Sunday, October 22, 2006

At The Earth's Core

Long-Term Sustainability of a High-Energy, Low-Diversity Crustal Biome. Li-Hung Lin, et al. Science 314: 479 – 482.
Researchers have discovered an isolated community of bacteria nearly two miles underground that derives all of its energy from the decay of radioactive rocks rather than from sunlight.
The self-sustaining bacterial community, which thrives in nutrient-rich groundwater found near a South African gold mine, has been isolated from the Earth's surface for several million years. It represents the first group of microbes known to depend exclusively on geologically produced hydrogen and sulfur compounds for nourishment. The extreme conditions under which the bacteria live bear a resemblance to those of early Earth, potentially offering insights into the nature of organisms that lived long before our planet had an oxygen atmosphere.

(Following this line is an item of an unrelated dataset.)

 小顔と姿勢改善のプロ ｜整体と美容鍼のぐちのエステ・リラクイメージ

Hunting trilobites at the Earth’s core. Sketch by late-18th century explorer/illustrator Mark Schultz and available now in his recently published book “Various Drawings Vol. 2”from Flesk Publications HERE.

The scientists had to burrow 2.8 kilometers beneath our world's surface to find these unusual microbes, leading the scientists to their speculations that life could exist in similar circumstances elsewhere in the solar system.

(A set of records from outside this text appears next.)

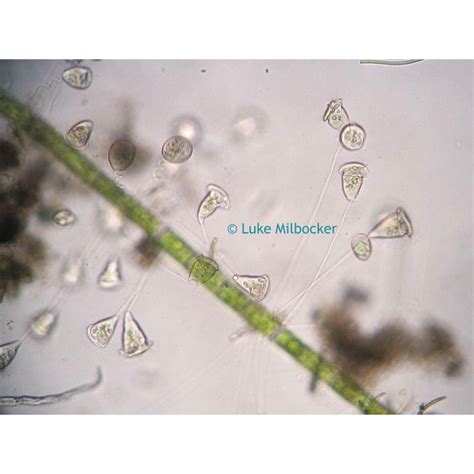 Microscopy Protozoans | Microbus Microscope Educational Website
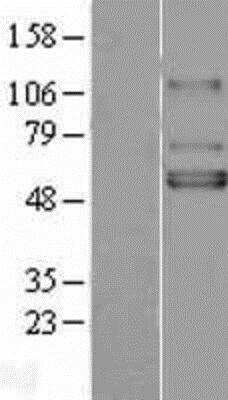 Western Blot: Kir3.1 Overexpression Lysate (Adult Normal) [NBL1-12170] - Left - Empty vector transfected control cell lysate (HEK293 cell lysate); Right - Over-expression Lysate for Kir3.1.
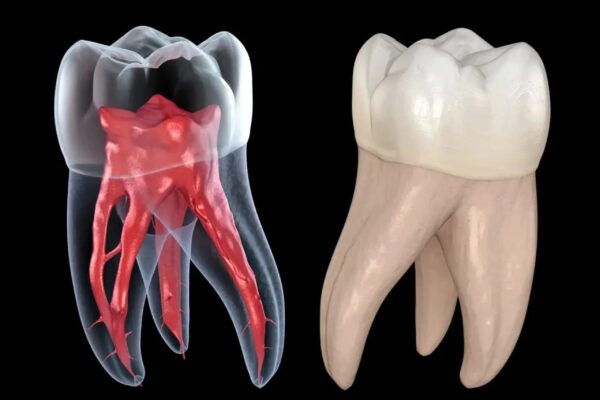 Sau lấy tủy răng sẽ yếu hơn nên cần một lớp bảo vệ mới bên ngoài.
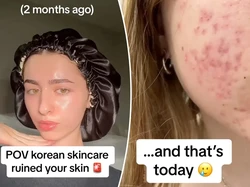 Wajah Jerawatan Gara-gara Tips Skincare Influencer, Dokter Beri Peringatan Ini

"These bacteria are truly unique, in the purest sense of the word," said Lin, now at National Taiwan University. " We found that the hydrocarbons in the environment did not come from living organisms, as is usual, and that the source of the hydrogen needed for their respiration comes from the decomposition of water by radioactive decay of uranium, thorium and potassium."

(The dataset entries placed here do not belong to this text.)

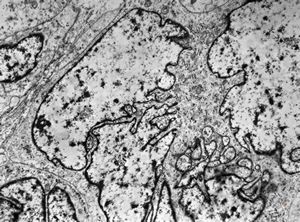 M,5y. | rhabdomyosarcoma vestibuli oris M,5y. | rhabdomyosarcoma vestibuli oris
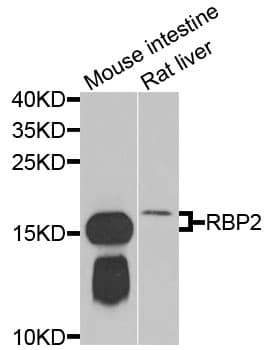 Polyclonal Rabbit anti-Human RBP2 / CRBPII Antibody (IHC, IF, WB)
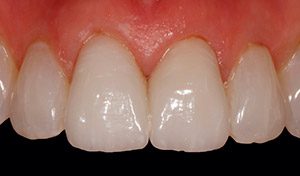 Vero Beach ceramic dental crowns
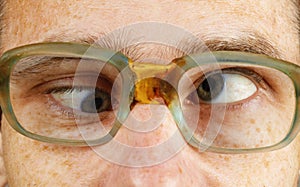 Cross-eyed person in old-fashioned spectacles photo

That subterranean world is a lightless pool of hot, pressurized salt water that stinks of sulfur and noxious gases humans would find unbreathable. But the newly discovered bacteria, which are distantly related to the Firmicutes division of microbes that exist near undersea hydrothermal vents, flourish there.

"These bacteria are probably close to the base of the tree for the bacterial domain of life," he said. "They might be genealogically quite ancient. To find out, we will need to compare them to other organisms such as Firmicutes and other such heat-loving creatures from deep sea vents or hot springs."